We’re curious to prove our hunch—that this gathering will serve to illustrate the oneness of parenthood, of love for children, of a need for light and hope that crosses all boundaries. That no matter what semantics we subscribe to and what shapes our beliefs take, we all share the same unanswerable questions and walk this path together.

The memory of birth and the expectation of death always lurk within the human being, making him separate from his fellows and consequently capable of intercourse with them. Naked I came into the world, naked I shall go out of it! And a very good thing too, for it reminds me that I am naked under my shirt, whatever its colour.
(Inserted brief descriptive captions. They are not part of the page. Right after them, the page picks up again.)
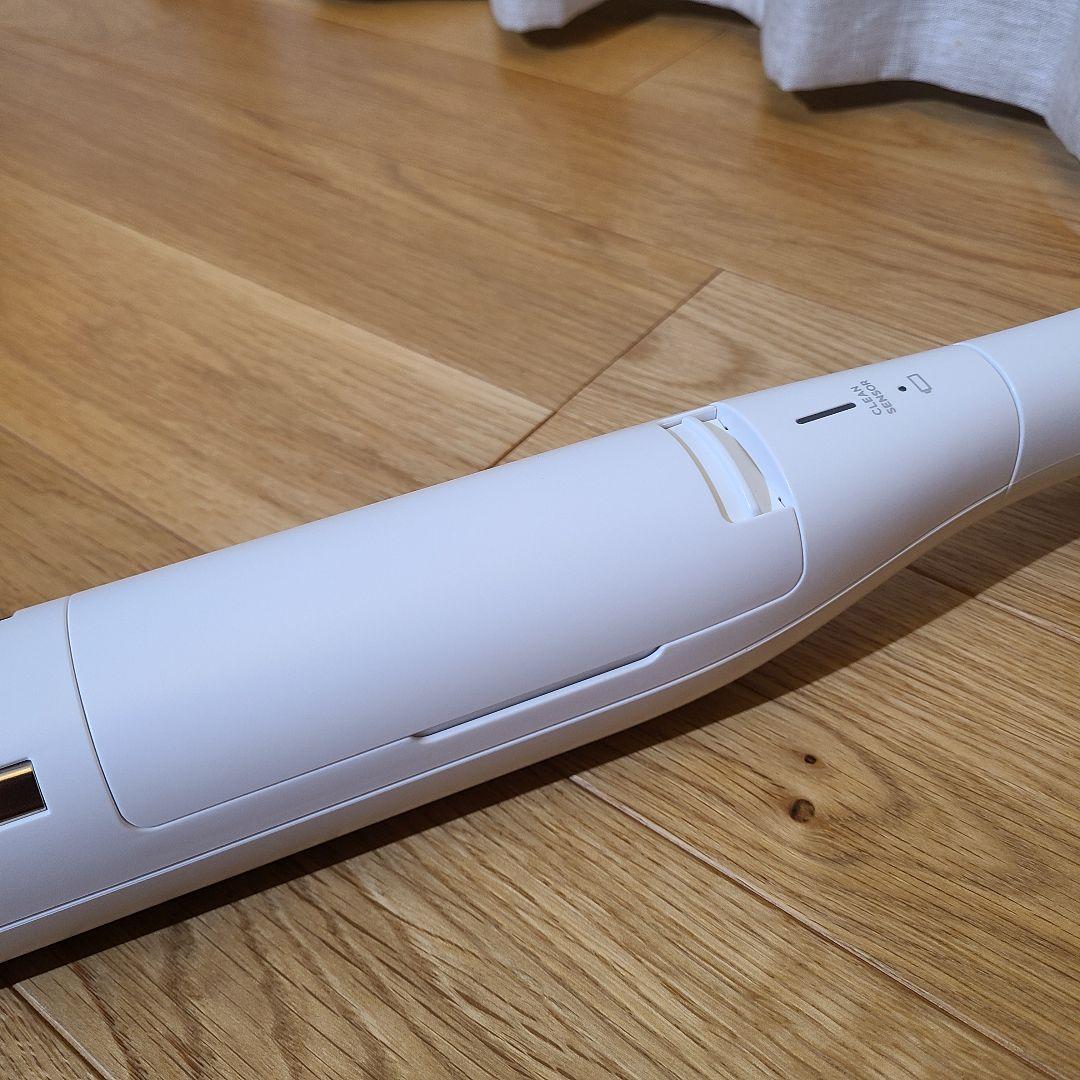 パナソニック　コードレスクリーナー　MC-NS100K-W　24年製　掃除機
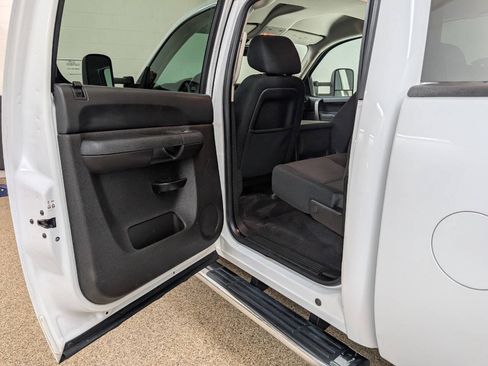 Used 2014 Chevrolet Silverado 2500 LT AWD/4WD image 12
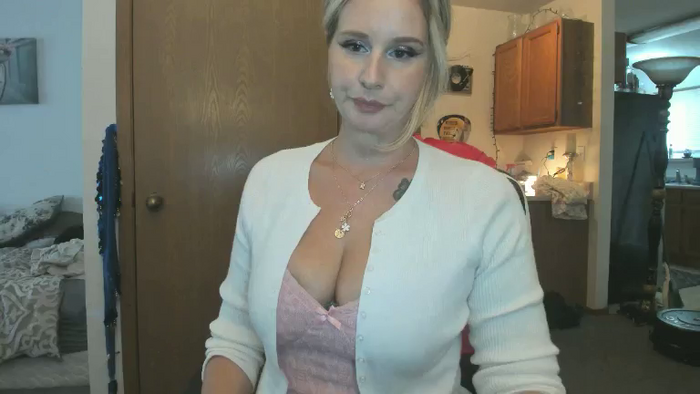 Hottyhousewife18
From E.M. Forster’s Two Cheers for Democracy: What I Believe

insanity, perhaps

Then, Kathy, a scientist, told me a ghost story. Her bravery in sharing this story touched me. Five years after Meaghan's death, shortly after settling into a new home, Kathy awoke in the middle of the night. In the darkness she saw the apparition of a curly haired girl who looked under the bed, into the closet, and then vanished. The girl was about the age her daughter would have been.

"One thought ran through my mind," Kathy said, "I though, My God, Maeghan's with us all along. We had moved and she was checking out the new digs."

Did Kathy really see the ghost? I think she did, yet I don't know. But I will tell you this: In the middle of the night, I watch.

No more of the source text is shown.